No cóż. Wynika z tego, że zdrada to patriotyzm, a patriotyzm to “oszołomstwo”. Nic nowego. Takie opinie wyrażał w dobie rozbiorów bp. Józef Kossakowski i bp. Ignacy Józef Massalski. Pierwszy z nich zawisł na szubienicy 9 maja 1794 roku skazany na karę śmierci za zdradę Ojczyzny wyrokiem specjalnego sądu kryminalnego, drugi został powieszony bez sądu na ulicznej szubienicy w Warszawie 28 czerwca tego samego roku przez wzburzony tłum mieszkańców stolicy.

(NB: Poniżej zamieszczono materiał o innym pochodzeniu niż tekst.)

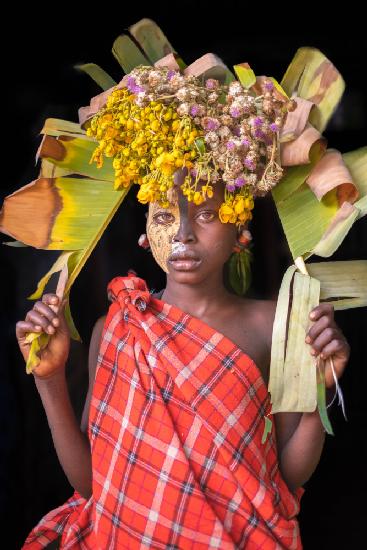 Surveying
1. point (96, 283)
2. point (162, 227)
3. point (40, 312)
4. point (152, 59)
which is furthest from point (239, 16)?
point (40, 312)

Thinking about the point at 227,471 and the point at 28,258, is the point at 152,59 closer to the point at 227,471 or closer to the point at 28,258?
the point at 28,258

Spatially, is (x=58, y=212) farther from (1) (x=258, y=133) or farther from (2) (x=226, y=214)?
(1) (x=258, y=133)

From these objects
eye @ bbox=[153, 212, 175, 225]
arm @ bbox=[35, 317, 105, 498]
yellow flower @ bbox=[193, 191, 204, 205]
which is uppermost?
yellow flower @ bbox=[193, 191, 204, 205]

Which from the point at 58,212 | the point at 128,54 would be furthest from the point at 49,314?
the point at 128,54

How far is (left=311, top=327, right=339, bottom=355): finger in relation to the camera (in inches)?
78.2

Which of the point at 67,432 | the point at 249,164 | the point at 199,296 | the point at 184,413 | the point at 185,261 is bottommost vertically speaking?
the point at 67,432

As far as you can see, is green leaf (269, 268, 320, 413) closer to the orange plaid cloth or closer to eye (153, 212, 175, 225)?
the orange plaid cloth

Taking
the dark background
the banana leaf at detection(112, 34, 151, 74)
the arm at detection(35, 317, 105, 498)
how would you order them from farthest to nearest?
the dark background < the banana leaf at detection(112, 34, 151, 74) < the arm at detection(35, 317, 105, 498)

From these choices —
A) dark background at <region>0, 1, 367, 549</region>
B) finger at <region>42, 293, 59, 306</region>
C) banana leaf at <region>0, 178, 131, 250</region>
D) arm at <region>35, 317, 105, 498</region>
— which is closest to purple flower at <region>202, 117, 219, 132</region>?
banana leaf at <region>0, 178, 131, 250</region>

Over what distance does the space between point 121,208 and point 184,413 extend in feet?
4.52

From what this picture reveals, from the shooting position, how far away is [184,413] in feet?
6.98

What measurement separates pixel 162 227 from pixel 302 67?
1.94ft

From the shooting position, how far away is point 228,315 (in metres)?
2.31

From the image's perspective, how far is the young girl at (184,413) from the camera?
2.08 metres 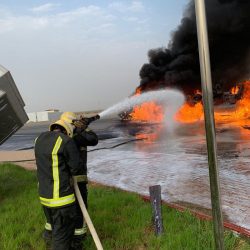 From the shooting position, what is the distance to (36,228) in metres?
5.63

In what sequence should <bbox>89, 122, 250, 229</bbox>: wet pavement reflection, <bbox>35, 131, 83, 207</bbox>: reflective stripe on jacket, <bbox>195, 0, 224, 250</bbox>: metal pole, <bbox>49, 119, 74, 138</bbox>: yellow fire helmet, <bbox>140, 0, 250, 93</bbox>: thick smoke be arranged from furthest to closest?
<bbox>140, 0, 250, 93</bbox>: thick smoke, <bbox>89, 122, 250, 229</bbox>: wet pavement reflection, <bbox>49, 119, 74, 138</bbox>: yellow fire helmet, <bbox>35, 131, 83, 207</bbox>: reflective stripe on jacket, <bbox>195, 0, 224, 250</bbox>: metal pole

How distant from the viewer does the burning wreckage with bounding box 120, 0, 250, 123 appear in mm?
24469

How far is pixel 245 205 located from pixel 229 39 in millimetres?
20166

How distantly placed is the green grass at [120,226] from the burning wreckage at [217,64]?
60.1 ft

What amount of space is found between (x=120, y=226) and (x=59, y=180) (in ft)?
5.25

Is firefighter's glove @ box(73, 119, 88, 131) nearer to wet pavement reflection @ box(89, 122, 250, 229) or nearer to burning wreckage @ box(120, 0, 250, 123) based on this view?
wet pavement reflection @ box(89, 122, 250, 229)

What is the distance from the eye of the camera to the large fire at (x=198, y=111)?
82.6ft

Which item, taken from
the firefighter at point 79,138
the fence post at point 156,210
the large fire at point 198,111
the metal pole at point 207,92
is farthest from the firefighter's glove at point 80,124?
the large fire at point 198,111

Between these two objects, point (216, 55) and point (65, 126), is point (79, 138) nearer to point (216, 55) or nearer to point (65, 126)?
point (65, 126)

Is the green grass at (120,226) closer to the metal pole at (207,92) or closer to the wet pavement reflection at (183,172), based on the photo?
the wet pavement reflection at (183,172)

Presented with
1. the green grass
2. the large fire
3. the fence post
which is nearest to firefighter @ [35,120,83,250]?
the green grass

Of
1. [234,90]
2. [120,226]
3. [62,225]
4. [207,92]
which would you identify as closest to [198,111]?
[234,90]

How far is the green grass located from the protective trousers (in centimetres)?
70

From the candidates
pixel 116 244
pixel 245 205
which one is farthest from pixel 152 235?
pixel 245 205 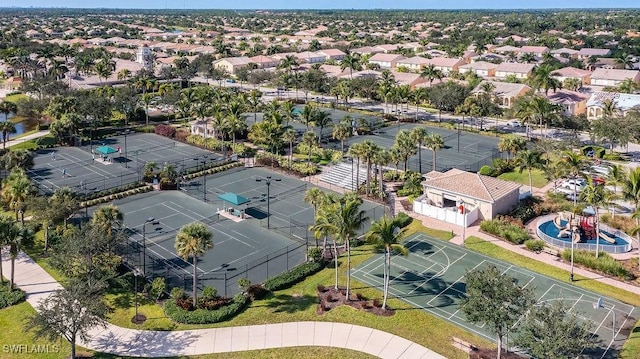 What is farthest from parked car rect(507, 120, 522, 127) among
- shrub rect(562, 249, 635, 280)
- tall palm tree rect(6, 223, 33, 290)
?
tall palm tree rect(6, 223, 33, 290)

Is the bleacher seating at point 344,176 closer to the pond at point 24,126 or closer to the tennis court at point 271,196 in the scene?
the tennis court at point 271,196

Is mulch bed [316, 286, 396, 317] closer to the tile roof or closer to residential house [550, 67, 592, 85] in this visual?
the tile roof

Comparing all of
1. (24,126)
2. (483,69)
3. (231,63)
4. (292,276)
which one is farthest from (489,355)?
(231,63)

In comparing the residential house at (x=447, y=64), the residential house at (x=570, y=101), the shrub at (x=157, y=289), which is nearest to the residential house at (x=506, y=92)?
the residential house at (x=570, y=101)

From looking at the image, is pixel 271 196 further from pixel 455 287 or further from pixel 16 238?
pixel 16 238

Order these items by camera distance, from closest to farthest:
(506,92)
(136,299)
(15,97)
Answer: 1. (136,299)
2. (506,92)
3. (15,97)

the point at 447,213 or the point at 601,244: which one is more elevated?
the point at 447,213

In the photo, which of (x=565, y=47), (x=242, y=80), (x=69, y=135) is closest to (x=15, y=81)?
(x=242, y=80) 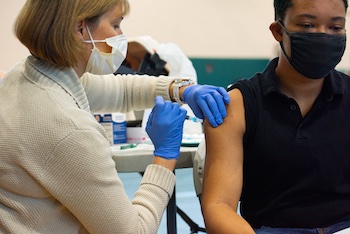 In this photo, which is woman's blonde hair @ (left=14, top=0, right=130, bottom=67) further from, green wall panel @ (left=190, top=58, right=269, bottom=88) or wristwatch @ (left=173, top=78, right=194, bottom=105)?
green wall panel @ (left=190, top=58, right=269, bottom=88)

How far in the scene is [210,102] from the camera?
4.32ft

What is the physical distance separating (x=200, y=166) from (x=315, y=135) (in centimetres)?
44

Jedno z najważniejszych pytań wywiadu jest sformułowane tak: “Czy z uwagi na ów brak odniesień do Boga Polacy powinni w referendum zagłosować za odrzuceniem konstytucji?”
Pytanie to nie jest już pytaniem do Głódzia - euroentuzjasty, Głódzia - demoliberalnego polityka, czy Głódzia - lewicowego ideologa. Ale do Księdza Biskupa Głódzia. Ksiądz Biskup odpowiada na nie w sposób następujący: “Powinniśmy to przyjąć, dlatego, że konstytucja niczego w ojczyźnie nie zmieni - co dalej, to zależy od nas samych. Zachowajmy dziesięć przykazań, a przestrzegajmy nakazów bożych, a będziemy zbawieni”.
No cóż. Ręce opadają. Trzeba wyprzeć się Boga i... przestrzegać przykazań Bożych np. “Nie będziesz miał cudzych bogów przede mną” albo “Nie zabijaj” albo “Nie cudzołóż”.
Zadziwiające.
Porażające.
Chciałoby się powiedzieć: oto mamy realizację nowego hasła:
“Faryzeusze wszystkich krajów łączcie się”.
Czyż to nie jest folklor katolicki?
Jeżeli w przyszłości sąd lub tłum zagrozi bp. Głódziowi i bp. Życińskiemu będę ich bronił krzycząc wielkim głosem:
“Zostawcie tych ludzi w spokoju. Darujcie im. Przebaczcie. Toż to tylko folklor katolicki”.